Task instructions: Please transcribe the listing that follows exactly; images are to be excluded.

Dataset section:
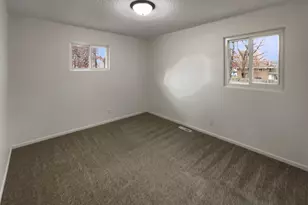 901 Oak Ridge Point NE, Blaine, MN 55434 - Photo 7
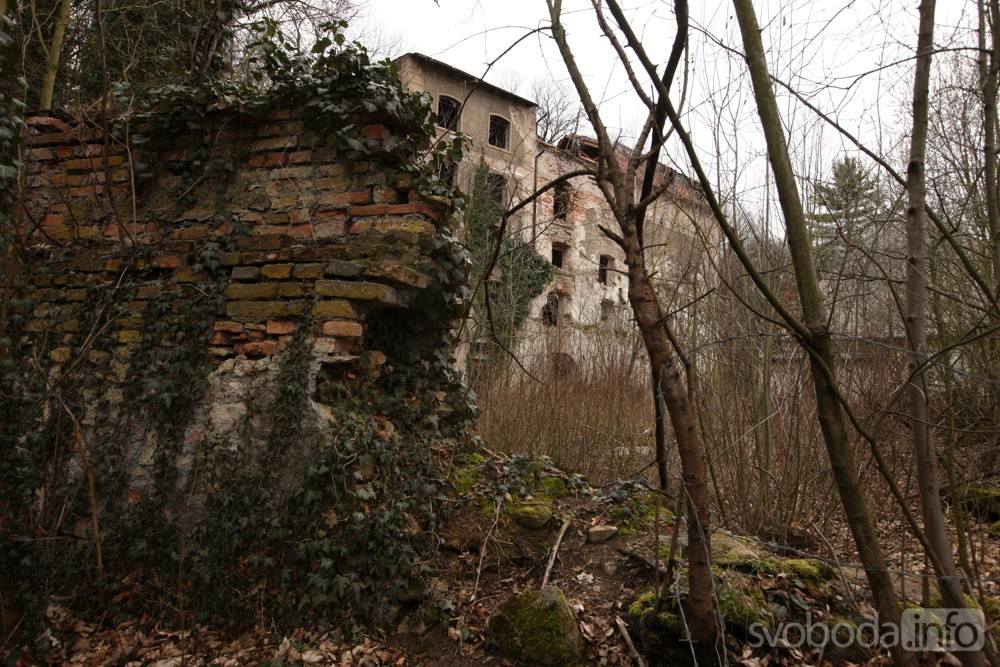 Vedle opravených památek můžete v Kutné Hoře najít také několik zdevastovaných budov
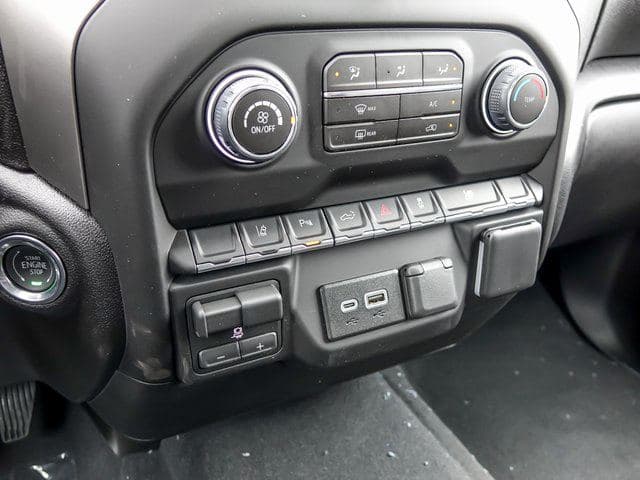 2026 Chevrolet Silverado 2500HD Custom image 18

Answer space:
 901 Oak Ridge Point NE, Blaine, MN 55434 - Photo 7
 Vedle opravených památek můžete v Kutné Hoře najít také několik zdevastovaných budov
 2026 Chevrolet Silverado 2500HD Custom image 18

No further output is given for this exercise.